Write out exactly what each line says, starting with the first line below and ending on the one with "Japanese Brand Epopac".

━━━━━━━━━━━━━━━━━━━━━━━━━━━━━━

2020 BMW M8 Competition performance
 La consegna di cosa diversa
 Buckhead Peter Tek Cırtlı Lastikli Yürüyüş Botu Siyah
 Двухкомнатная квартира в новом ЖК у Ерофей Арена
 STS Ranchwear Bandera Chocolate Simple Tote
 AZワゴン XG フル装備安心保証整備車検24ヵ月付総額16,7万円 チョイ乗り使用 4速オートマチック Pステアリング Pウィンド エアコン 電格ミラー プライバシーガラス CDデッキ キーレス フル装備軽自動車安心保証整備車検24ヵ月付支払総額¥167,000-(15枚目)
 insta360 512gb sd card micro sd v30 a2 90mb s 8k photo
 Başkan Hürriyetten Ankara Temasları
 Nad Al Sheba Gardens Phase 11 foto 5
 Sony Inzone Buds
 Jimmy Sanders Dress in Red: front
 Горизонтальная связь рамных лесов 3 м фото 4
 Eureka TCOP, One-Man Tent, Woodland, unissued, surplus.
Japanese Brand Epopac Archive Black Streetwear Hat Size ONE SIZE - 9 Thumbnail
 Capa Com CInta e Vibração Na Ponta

━━━━━━━━━━━━━━━━━━━━━━━━━━━━━━

Problem solution
2020 BMW M8 Competition performance
 La consegna di cosa diversa
 Buckhead Peter Tek Cırtlı Lastikli Yürüyüş Botu Siyah
 Двухкомнатная квартира в новом ЖК у Ерофей Арена
 STS Ranchwear Bandera Chocolate Simple Tote
 AZワゴン XG フル装備安心保証整備車検24ヵ月付総額16,7万円 チョイ乗り使用 4速オートマチック Pステアリング Pウィンド エアコン 電格ミラー プライバシーガラス CDデッキ キーレス フル装備軽自動車安心保証整備車検24ヵ月付支払総額¥167,000-(15枚目)
 insta360 512gb sd card micro sd v30 a2 90mb s 8k photo
 Başkan Hürriyetten Ankara Temasları
 Nad Al Sheba Gardens Phase 11 foto 5
 Sony Inzone Buds
 Jimmy Sanders Dress in Red: front
 Горизонтальная связь рамных лесов 3 м фото 4
 Eureka TCOP, One-Man Tent, Woodland, unissued, surplus.
Japanese Brand Epopac Archive Black Streetwear Hat Size ONE SIZE - 9 Thumbnail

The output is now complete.